The pipeline makes the code cleaner and more modular. It ensures the data is scaled before it goes into the KNN model.
from sklearn.pipeline import Pipeline
from sklearn.preprocessing import FunctionTransformer
def build_pipeline(neigh, scaler, params):
transformer = FunctionTransformer(neigh.kneighbors, kw_args=params)
pipeline = Pipeline([('std_scaler', scaler), ('NN', transformer)])
return pipeline
Step 5: Filter Data by Tags
Sometimes users want to include or exclude specific ingredients from the recommendations. We implement a function to filter data by the given tags.
def extract_ingredient_filtered_data(dataframe, include_tags=None, exclude_tags=None):
extracted_data = dataframe.copy()
def filter_row(tags_string):
if tags_string:
tags = [tag.strip().lower() for tag in tags_string.split(',')]
if include_tags:
for tag in include_tags:
if tag.lower() not in tags:
return False
if exclude_tags:
for tag in exclude_tags:
if tag.lower() in tags:
return False
return True
extracted_data = extracted_data[extracted_data['Tags'].apply(filter_row)]
return extracted_data
Step 6. Make Recommendations
Use the pipeline and KNN model to make recommendations based on the user's input.
import numpy as np
def apply_pipeline(pipeline, _input, extracted_data):
_input = np.array(_input).reshape(1, -1)
data = pipeline.transform(_input)
return extracted_data.iloc[data[1][0]], data[0][0]
Step 7: Calculating Accuracy
We calculate the "accuracy" based on how close the recommended items are to the input data.
This simple function converts the cosine distances into percentage-based accuracy scores.
def get_accuracy(distances):
accuracy = [100 - (i * 100) for i in distances]
return accuracy
Step 8. Combine all the steps
The recommend function combines all the steps to make recommendations.

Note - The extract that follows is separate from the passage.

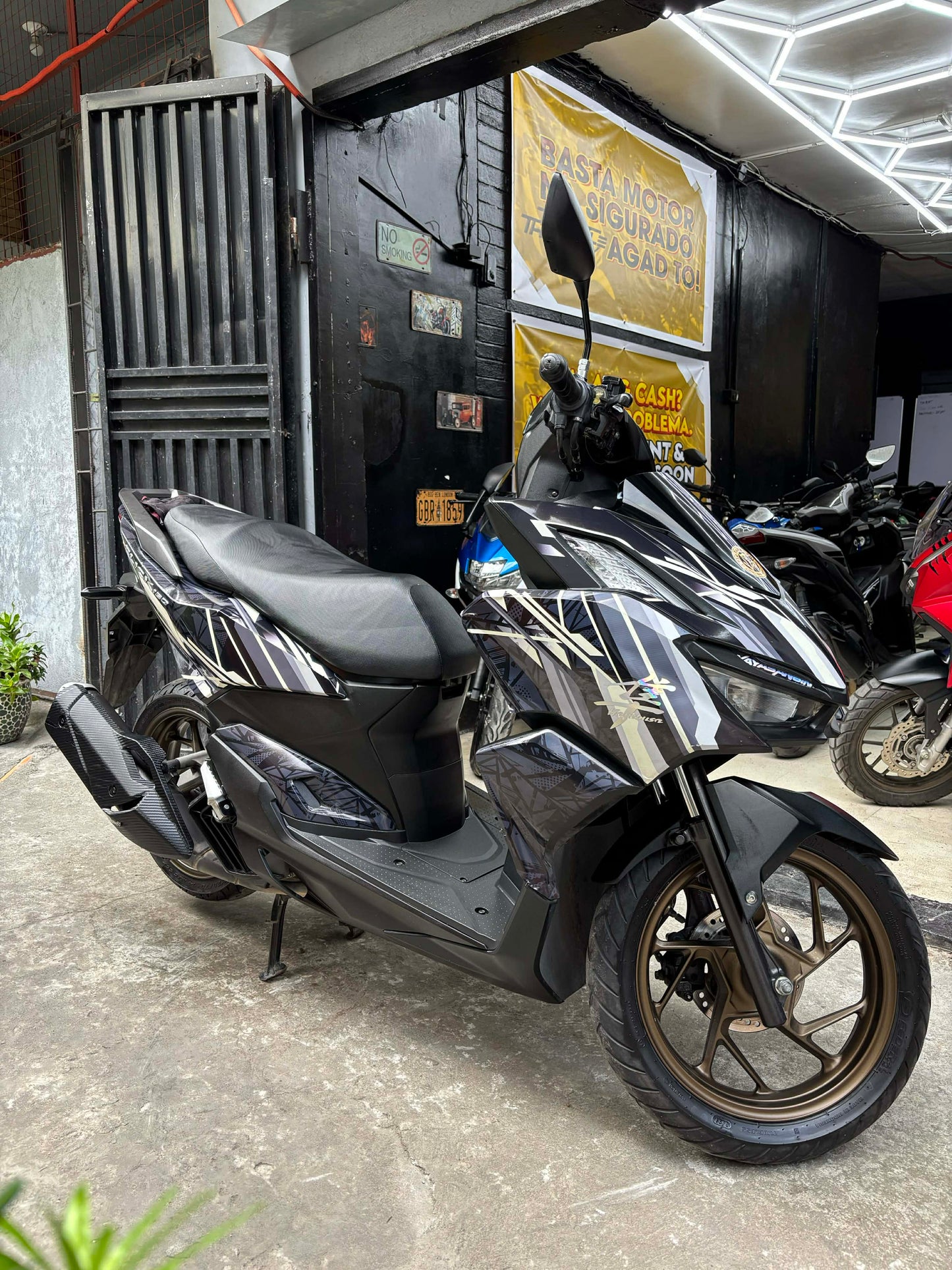 HONDA CLICK 160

It first filters the data based on tags, extracts the relevant nutrition columns, scales the data, and applies the KNN model to provide the nearest neighbors.
def recommend(dataframe, _input, include_tags=[], exclude_tags=[], n_neighbors=5):
extracted_data = dataframe.copy()
params = {'n_neighbors': n_neighbors, 'return_distance': True}
if include_tags or exclude_tags:
extracted_data = extract_ingredient_filtered_data(dataframe, include_tags, exclude_tags)
params['n_neighbors'] = min(params['n_neighbors'], extracted_data.shape[0])
if params['n_neighbors'] == 0:
return None, None
extracted_cols = extract_nutrition_columns(dataframe)
prep_data, scaler = scaling(extracted_cols)
neigh = nn_predictor(prep_data)
pipeline = build_pipeline(neigh, scaler, params)
data, distances = apply_pipeline(pipeline, _input, extracted_data)
return data, get_accuracy(distances)
Conclusion
Using KNN for recommendation systems is a straightforward yet powerful approach. By combining data preprocessing, filtering, and the KNN algorithm, we've built a model that can make personalized recommendations based on nutritional content. The modular nature of this implementation makes it adaptable to various applications, from food recommendations to product suggestions.
You can easily extend this model by incorporating more features, experimenting with different distance metrics, or enhancing the filtering mechanism based on user preferences.